(If you're here for fiber content and don't give a fig about education philosophies, SCROLL DOWN!)
I've been thinking a lot about what folks have shared, over schooling and kids and related topics. I didn't expect to hit the nerve I did - I was worried about people thinking I was criticizing their children or their jobs. Apparently that wasn't much of a worry. Interesting.
I guess, what it comes down to, is that children are individual and have different needs. (Ohmigosh. REALLY?) We all seem to have figured that out, except for the government wonks who decide policies for this stuff. Some children CAN be pushed hard, and some even enjoy it. By all means fast track those kids. Some kids need more repetition and should be able to get it without slowing down the entire classroom or being criticized. And most children are fine in that zone between the other two. The old system of placing kids by skill rather than age had a lot of things going for it (so long as we didn't send eight year olds to college, I still think that's a tricky situation).
The Goober in particular is thriving with the current system we've got going. I may think some (more than some) things she's learning are ridiculous, but she's learning them. There's a lot of the curricula I think is screwy, but again, I can customize a great deal so it's no big deal. (Though... Venn Diagrams? In Kindergarten? Seriously?)
The 'creative spelling' topic came up in the comments. The school advocates it, but I don't. (Yay for customizing.) There's whole lot of "it is okay for your child to write however they want" in the parental handbook. I disagree. I'm with my blog readers, in that it's best to start the kid off doing things as closely as possible to correct. I've stressed that it's important to write like everyone else (both in spelling and penmanship) so that we can all understand each other. I've even told her that her ideas on grammar are more logical (because they are), but we still have to do it like everyone else. Obviously she's not getting things right on the first try, but we're working to get there. I don't know about neural pathways, but it just seems dumb to let a kid do things wrong without even attempting to correct. It'll make things harder later, one way or another.
Anyway, thanks to everyone for sharing your thoughts. Those of you who went anonymous to disagree with me, you're certainly free to, but you don't have to. I enjoy disagreement, especially when it's laid out coherently like it has been in the comments. It gives me things to think about. There's a HUGE difference between "I disagree, and here is why" and "YOU SUCK!" While I will always sneer at the second type of comment, I enjoy the first.

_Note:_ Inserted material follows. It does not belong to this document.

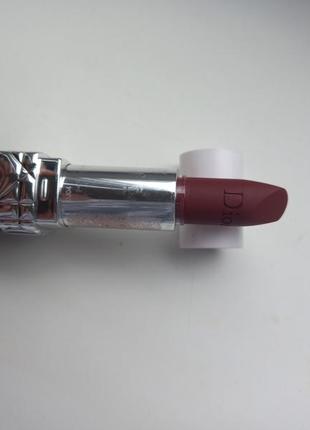 Dior matte матова помада2 фото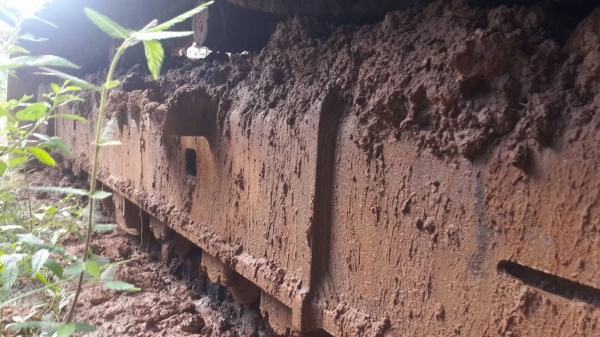 ขายรถแบ็คโฮ KOBELCO SK200-8 YN12 Super สภาพดี พร้อมใช้งาน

Remember the knit-along coming up May 1? We're still doing it. For now, all you need to be doing is buying yarn. Any type, any weight, though I suggest worsted-ish so you can keep up with the rest of us. I'm still planning to use Cascade 220 for an adult size XL sweater, to give you an idea. For amounts, find a pattern for a stockinette sweater using the yarn you want, and buy enough to knit that. If it seems a little on the low side, get a skein for luck.
Do we need a knit-along button? Or a group on Ravelry? I fully intend to put all directions, commentary, and digressions up here on the blog for posterity, but a Ravelry group might make it easier to communicate questions... I don't know. Everyone's always free to comment or e-mail or bug me on Ravelry or Twitter, so it's not like I'm hard to find.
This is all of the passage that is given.